To identify the origin and authenticity of these local products the small guilds of the island of Ibiza were brought together under one brand known as Peix Nostrum. This hallmark guarantees product, proper catch, sustainability and proper procedures for sale.
Fish in brine
Brining was originally a process for preserving food. The technique is still used today so that fish can be enjoyed at any time. In Ibiza there is a long tradition of eating fish preserved in brine. This is a very typical dish in the homes of fishermen and is often eaten on days of celebration such as the hog butchering feast. The fish most often prepared in this way are gerret, gató (catfish), sardines or mackerel and they are prepared using garlic, flour, lemon, parsley, olive oil, vinegar, pepper and bay leaf.
Fried octopus or squid
Octopus is one of the star ingredients in Ibizan cuisine. Octopus is a true delicacy when fried. Fried octopus is one of the most typical tapa dishes on the island of Ibiza and it is becoming increasingly popular as a main course dish in the island’s top restaurants. This recipe evokes old Ibiza and, needless to say, a top quality product is a must as in any seafood dish. The recipe is simple, consisting of fried onion, garlic, red pepper to which cooked octopus and potato are then added. The mix of flavours is truly authentic.

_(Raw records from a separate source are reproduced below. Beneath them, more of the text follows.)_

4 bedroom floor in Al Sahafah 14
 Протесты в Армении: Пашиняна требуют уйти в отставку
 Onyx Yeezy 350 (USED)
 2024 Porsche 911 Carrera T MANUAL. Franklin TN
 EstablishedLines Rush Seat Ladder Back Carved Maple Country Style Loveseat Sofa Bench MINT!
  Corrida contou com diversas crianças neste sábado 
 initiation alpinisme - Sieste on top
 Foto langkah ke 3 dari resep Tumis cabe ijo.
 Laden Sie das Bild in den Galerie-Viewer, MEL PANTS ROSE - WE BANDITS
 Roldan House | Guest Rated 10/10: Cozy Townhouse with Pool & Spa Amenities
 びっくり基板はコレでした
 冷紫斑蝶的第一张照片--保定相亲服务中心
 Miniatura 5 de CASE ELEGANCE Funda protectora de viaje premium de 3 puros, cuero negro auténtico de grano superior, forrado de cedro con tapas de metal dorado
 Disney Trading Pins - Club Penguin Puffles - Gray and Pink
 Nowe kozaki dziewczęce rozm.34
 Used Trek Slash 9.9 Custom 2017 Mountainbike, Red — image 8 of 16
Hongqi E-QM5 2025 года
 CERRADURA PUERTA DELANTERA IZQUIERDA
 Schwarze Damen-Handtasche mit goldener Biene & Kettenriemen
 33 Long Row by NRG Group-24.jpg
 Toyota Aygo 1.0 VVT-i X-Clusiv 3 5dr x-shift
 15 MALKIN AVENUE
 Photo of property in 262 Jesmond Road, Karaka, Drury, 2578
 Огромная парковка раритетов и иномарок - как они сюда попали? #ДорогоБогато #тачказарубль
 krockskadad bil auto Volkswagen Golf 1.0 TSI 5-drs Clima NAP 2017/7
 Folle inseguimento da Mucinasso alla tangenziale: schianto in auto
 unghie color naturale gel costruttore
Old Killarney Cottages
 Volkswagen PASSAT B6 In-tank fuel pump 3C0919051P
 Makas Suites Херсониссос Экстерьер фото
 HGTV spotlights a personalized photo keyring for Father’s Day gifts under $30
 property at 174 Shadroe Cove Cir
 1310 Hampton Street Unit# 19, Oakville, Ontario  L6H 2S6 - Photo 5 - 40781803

There is also a version with squid, called Frita de Calamar. This is prepared in a similar way but the squid is cooked directly in the sofrito.
Rice is an important ingredient in Ibizan cuisine. Combined with locally caught fish it becomes one of the most exquisite delicacies to be enjoyed in a good seafront restaurant. There are 3 ways in which rice is served: dry, brothy and cooked to a point then left to rest.
If rice is dry then we know that although no broth remains, it has been cooked in fish broth from which it gets its very intense flavour. Dry rice is cooked with all types of fish and seafood, clawed lobster, sea cucumber, as “blind” rice (no shells) or arròs a banda like in Bullit de Peix.
On the other hand we also find brothy rice recipes such as arroz marinera (rice with seafood) or arroz de bogavante (rice with lobster), which is a typical winter dish or encadallet rice which is one of the ways that rice is most often served in Ibizan households. Encadallet is the term given to rice when it is midway between dry and brothy.